Professor John Wyatt, of the department of Paediatrics at University College, said: "What we have found is more like a developmental abnormality than brain damage. You might call it minor brain damage. But with 7,000 births a year it does have public health implications for the early identification of children at high risk to ensure they receive the extra educational help they need.

"With the right help, the majority will do well but our work suggests some are being failed by the system. When an eight-year-old is not doing very well, people forget that he or she was born premature."

Not all those with abnormal scans showed signs of behavioural or educational problems, although there was a link, according to the findings published in The Lancet. Professor Wyatt said: "If you take 100 people off the street, a proportion of them will have abnormalities on a brain scan but you wouldn't say they were brain damaged.

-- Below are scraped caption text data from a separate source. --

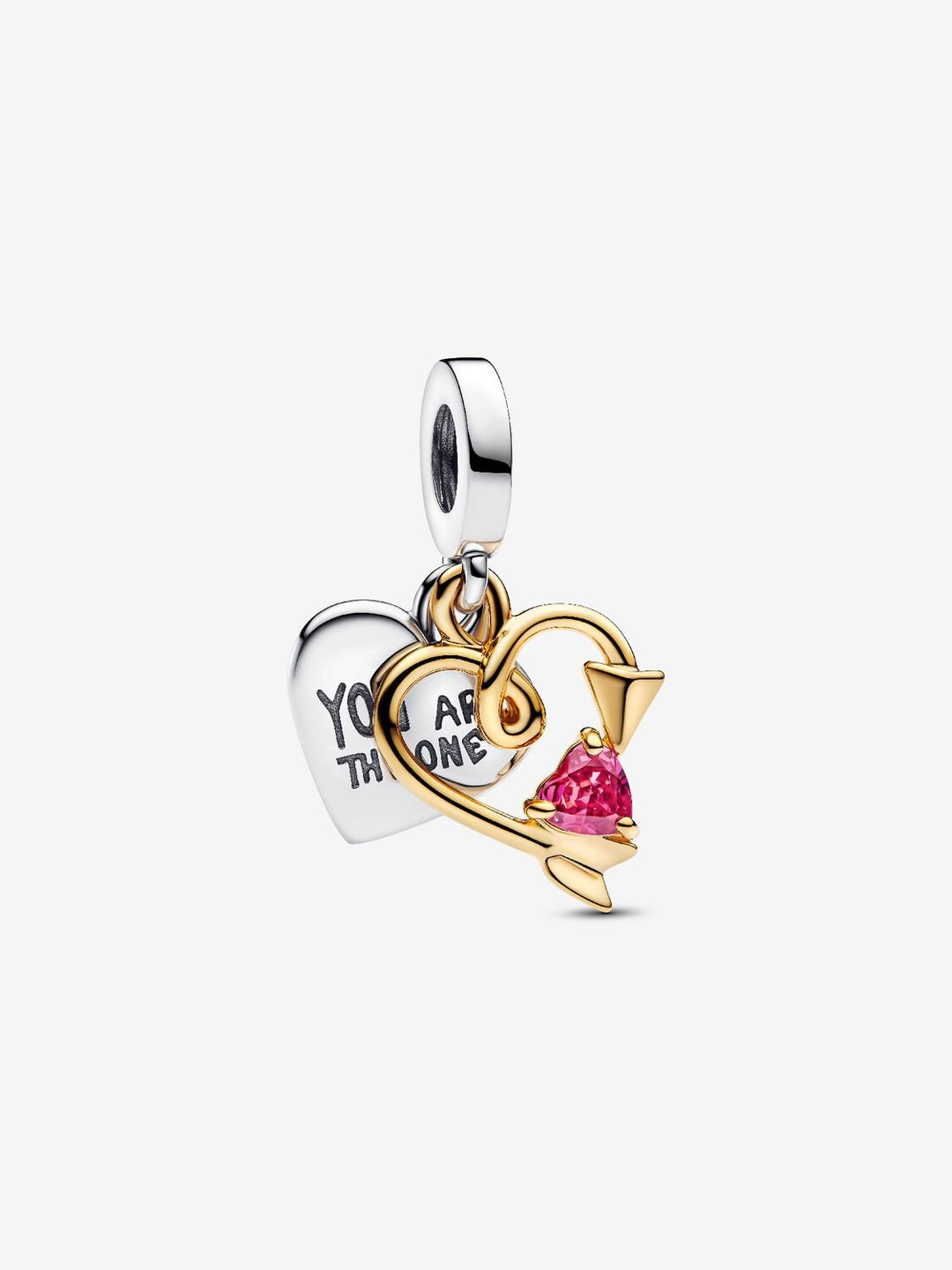 Pandora Engravable Heart & Arrow Double Dangle Charm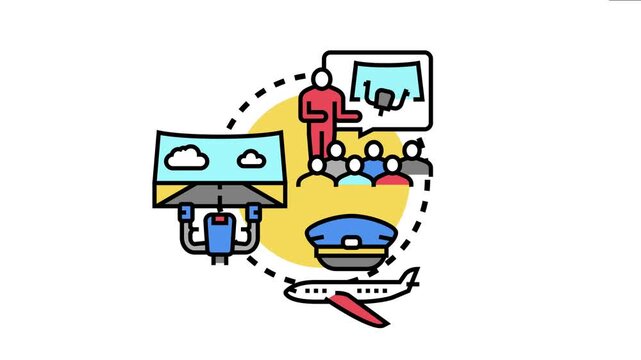 Professional instructor teaching aviation students about ground handling operations, aircraft management, and receiving piloting education for airport and flight procedures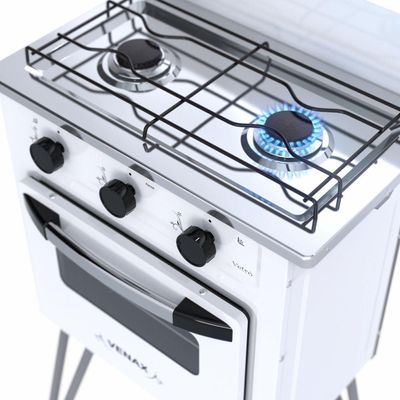 Fogão Portátil 2 Bocas Venax Gemini Vetrô Gas GLP Branco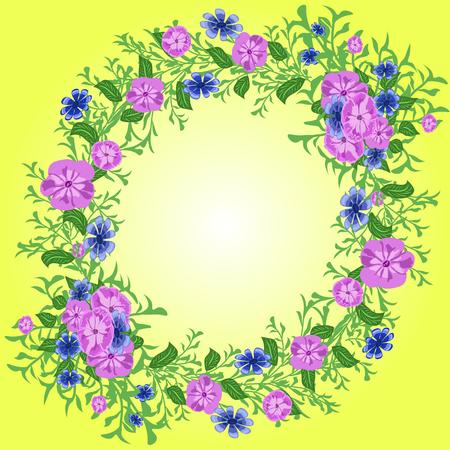 vector frame with bright flowers, scarf printのイラスト素材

For parents of premature babies, what matters is how they are doing, not what is on the scan. If they are doing well there is no reason for concern but if they are having problems they may need referral for specialist assessment."

The most common abnormality revealed by the scans was in the white matter of the brain, which is involved in carrying signals between different areas of the brain and between the brain and spinal cord.

Dyslexia may be a skills disorder rather than a language disorder, according to researchers at the University of Sheffield. Brain scans of dyslexic and non-dyslexic adults showed the cerebellum, which is involved in the acquisition of new skills and in making them automatic, was less active in the dyslexic group when they were asked to learn a new task, according to a study in The Lancet. The cerebellum is thought to play an important part in a person's ability to articulate speech and to learn the eye movements necessary for letter recognition and reading.